The important piece of the program is this:

```
(x & ~(~(~0 << n) << (p+1-n))) | ( y & (~(~0<<n) << (p+1-n)));
```

Let’s look at some inner terms. The expression ~(~0<<n) will thus always yield
right most n bits set to 1. And (p+1-n) will give a integer value for the n
digits at position p we want. We do p+1 because our position is 0 indexed while
count of digits n is 1 indexed. For e.g. in a number 1111 1111, the **4**
digits starting the position **3** is **1111**

Let’s refactor the program to understandable portions.

RIGHT_MOST_N_1S = ~(~0 << n) GET_N_DIGITS = (p + 1 -n)

The above expression becomes:

```
(x & ~(RIGHT_MOST_N_1S << GET_N_DIGITS)) | (( y & RIGHT_MOST_N_1S) << GET_N_DIGITS);
```

For a moment, let’s take the word that left shifting operation will give us expected bits. For e.g: 0000 1111 << 4 will give us 1111 0000

Reducing it further, it becomes:

```
(x & ~(Expected bits marked as 1) | ((Right most bits in y) << GET_N_DIGITS);
(x & (Expected bits marked as 0) | (Expected bits marked as 1 in y and rest as 0);
```

So in x we switch off the expected bits by **and** ing it to 0. And and in y, we just
get expected bits we want by **and** ing it to 1 and we OR the two expressions and
thus get the result.

**Why left shift?**

We left shift because we want it from a position p.

Suppose we want two bits from position 4, we we need to our bit patterns to be like this:

```
0001 1000
7654 3210
```

In the above, from position 4, we have 2 bits set 1 and rest 0.

In order to do this, we get two bits at the right most position:

```
~(~0 << n)
0000 0011
```

And then we shift it by position 4 using the expression p+1-n:

```
~(~0 << n) << (4+1-n)
0000 0011 << (5-2)
0000 0011 << 3
0 0011 000
0001 1000
```

So we determined our expected bits and we can follow the rest for the program.

Let’s get concrete and work out the program using the values:

```
x = 1111 1111 (= 255 )
p = 3
y = 0000 0000 (= 0)
n = 4
```

```
setbits(unsigned x,int p,int n,unsigned y);
```

Right most 4 bits of y = 0000 So, we our return value should be:

```
= 1111 0000
= 240
```

Let’s follow how the program determines it.
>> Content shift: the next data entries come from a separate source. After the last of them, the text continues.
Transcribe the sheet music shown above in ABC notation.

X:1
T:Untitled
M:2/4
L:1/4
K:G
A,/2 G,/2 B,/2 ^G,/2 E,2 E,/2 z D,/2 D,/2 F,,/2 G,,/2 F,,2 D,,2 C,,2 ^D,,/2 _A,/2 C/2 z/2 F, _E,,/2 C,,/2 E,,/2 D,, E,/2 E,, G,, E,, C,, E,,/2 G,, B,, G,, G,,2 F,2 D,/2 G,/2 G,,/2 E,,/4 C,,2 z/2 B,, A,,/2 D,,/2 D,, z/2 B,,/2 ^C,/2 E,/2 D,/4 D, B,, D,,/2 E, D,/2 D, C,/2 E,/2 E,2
We take the LHS of |

```
(x & ~(~(~0 << n) << (p+1-n)))
p+1-n = 3 + 1 - 4
= 0
(~0 << n)
= (~ 0000 0000 << 4)
= (1111 1111 << 4)
= (1111 0000)
~(~0 << n)
= ~(1111 0000)
= 0000 1111
(~(~0 << n) << (p+1-n))
= 0000 1111 << 0
= 0000 1111
~(~(~0 << n) << (p+1-n))
= ~ (0000 1111)
= 1111 0000
(x & ~(~(~0 << n) << (p+1-n)))
= 1111 1111 & 1111 0000
= 1111 0000
```

Now we take the RHS of |

```
(( y & ~(~0<<n)) << (p+1-n))
(p + 1 - n) = 0
~(~0 << n) = 0000 1111
( y & ~(~0<<n))
= 0000 0000 & 0000 1111
= 0000 0000
(( y & ~(~0<<n)) << (p+1-n))
= 0000 0000 << 4
= 0000 0000
```

We write the entire expression:

```
(x & ~(~(~0 << n) << (p+1-n))) | (( y & ~(~0<<n)) << (p+1-n));
= 1111 0000 | 0000 0000
= 1111 0000
```

Converting 1111 0000 to decimal gives us 240 and that is answer.